All throughout my childhood and youth Rabindranath Tagore, the Nobel laureate, held a revered place in my life, especially his Rabindra Sangeet. Now that I am retired I have a lot of time to listen, study, understand and appreciate Rabindra Sangeet. And write about it. No more Bengali exams. But I wish to spell correctly. So I turn to my female cousin who lives in Japan. First cousins grow up like brothers and sisters in India.

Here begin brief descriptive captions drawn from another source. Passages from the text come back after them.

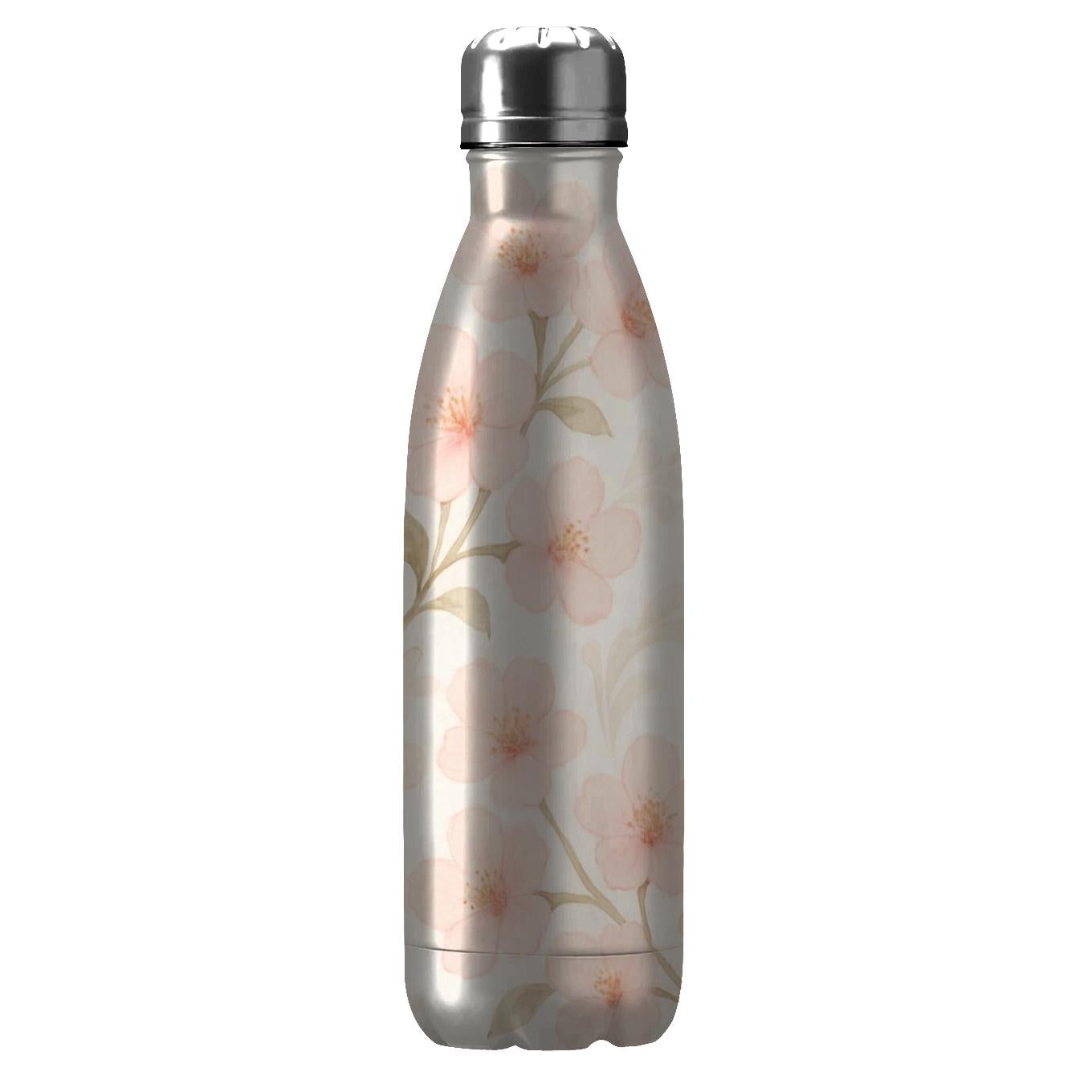 Delicate Floral Lace Tumbler Tumbler Cups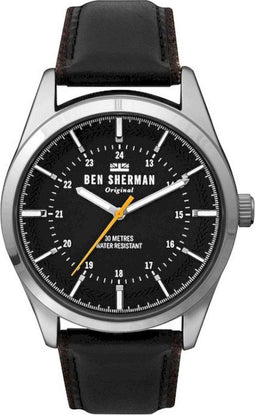 Ben Sherman Herenhorloge WB027B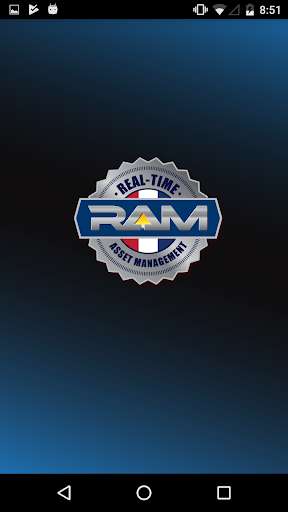 Emulate Android APK CPT RAMTrack Emulate Android APK CPT RAMTrack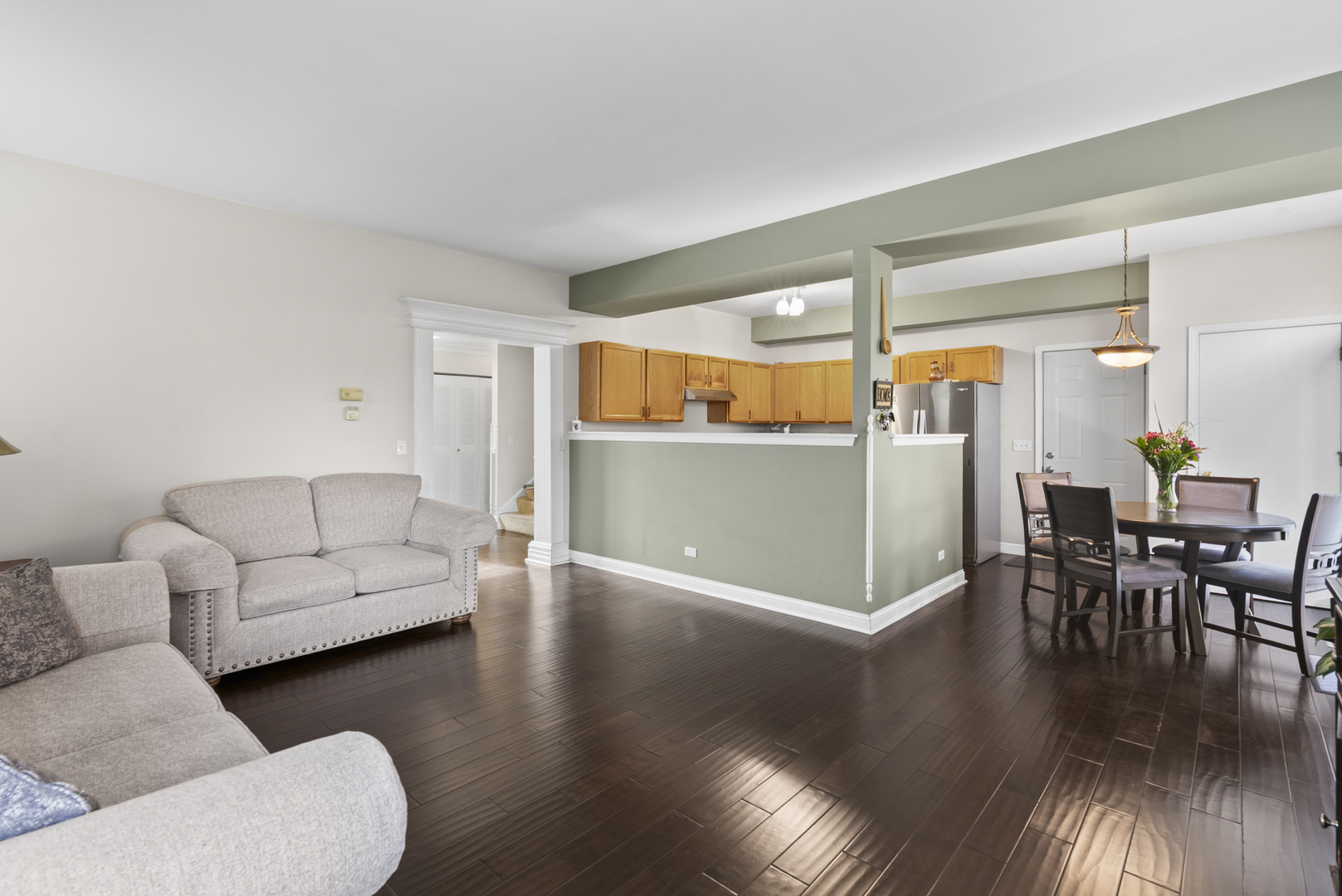 1896 Sedgegrass Trail Aurora, IL 60504 - Photo 8 of 19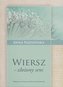 Wiersz złożony sens
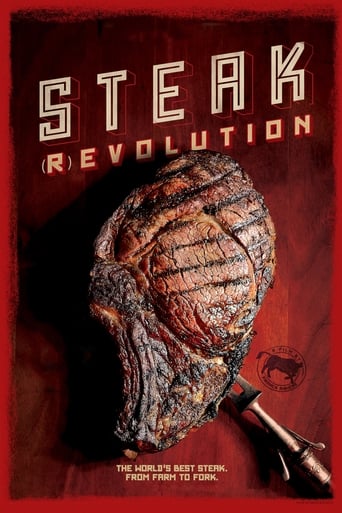 Steak (R)Évolution (2014)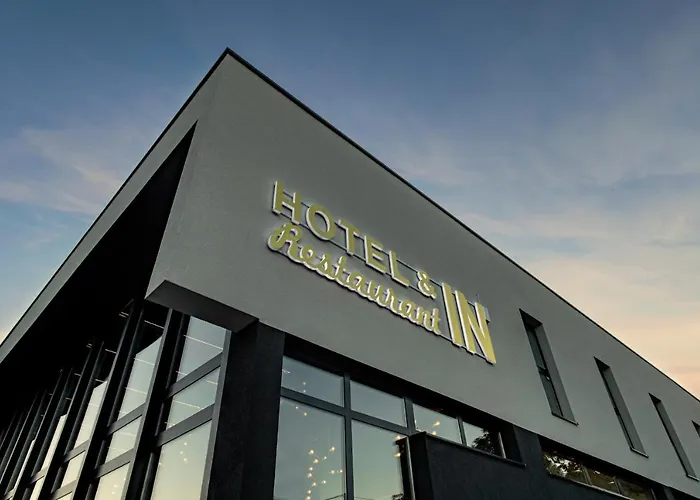 Hotel IN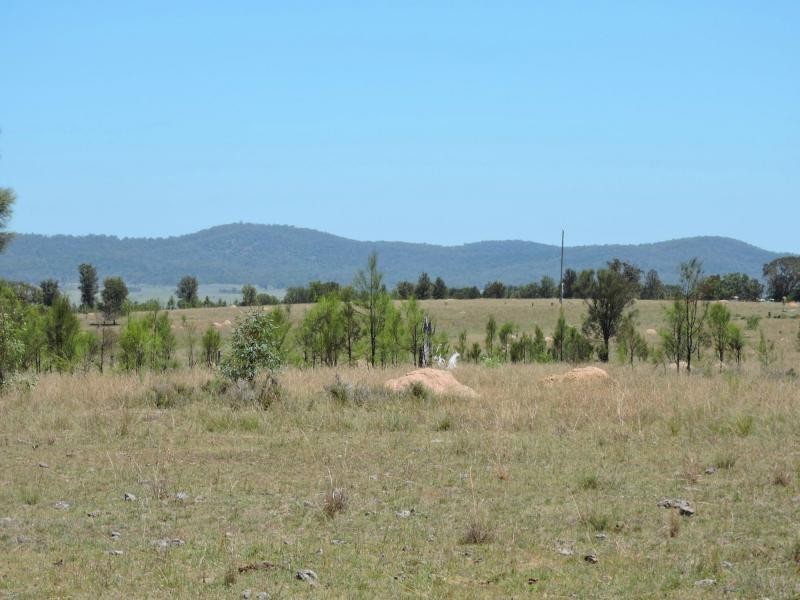 L2 Glenvale Road, Warwick QLD 4370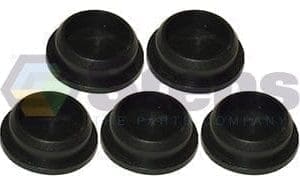 Accessories | BULK SPEED FEED SPRING CAP PK5 (385-059)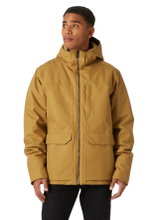 Helly Hansen Kurtka zimowa Chill 3.0 (wodoodporna, oddychająca) żółta męska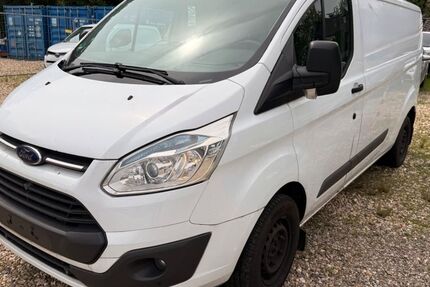Ford Transit Custom 265.192 km 6.590 &euro; Köln 51065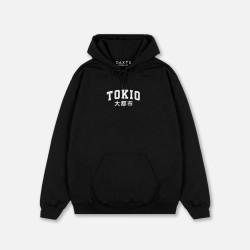 Combo Chompa y Camiseta Regular Estampado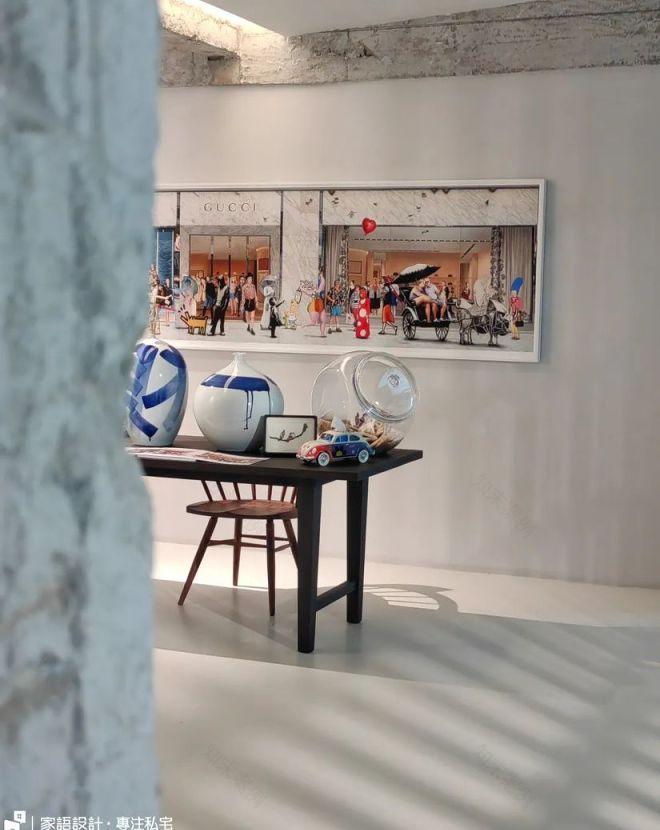 家语设计联合未来社区办公空间丨中国广州-40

My sister in Japan, Arati, a homemaker, had been a teacher for a long time. We use technology to text messages in Bengali. My Bengali is getting better in leaps and bounds. She is also a beautiful singer of Rabindra Sangeet. We both have the exact same favorite Rabindra Sangeet. She always sings it masterfully and evokes the right emotions and sentiments. The song is “গোধুলিগগনে মেঘে ঠেকেছিল তারা”, “godhuligogone meghe dhekechhilo tara.” No rules of spelling for her. Like a great teacher she plods at it every day, sending text messages back and forth several times a day, till I have it right. Recently she taught me how to write the “Bhagavad Gita Pranam Mantra” in Bengali; a prayer you recite after reading from the Bhagavad Gita. First I sent a picture of it written in Sanskrit. Then she sent it back to me written in Bengali.
Japan and the US are at two ends of the world. I like to take Rabindranath with me on my morning walks. Arati, who I address as“Fuldi”, and I video chat and sing and recite the same verses. We observe my garden bloom everyday; I by morning, she by night. Arati says she can smell the roses too. I believe she does it all from “A Sister’s Pride!”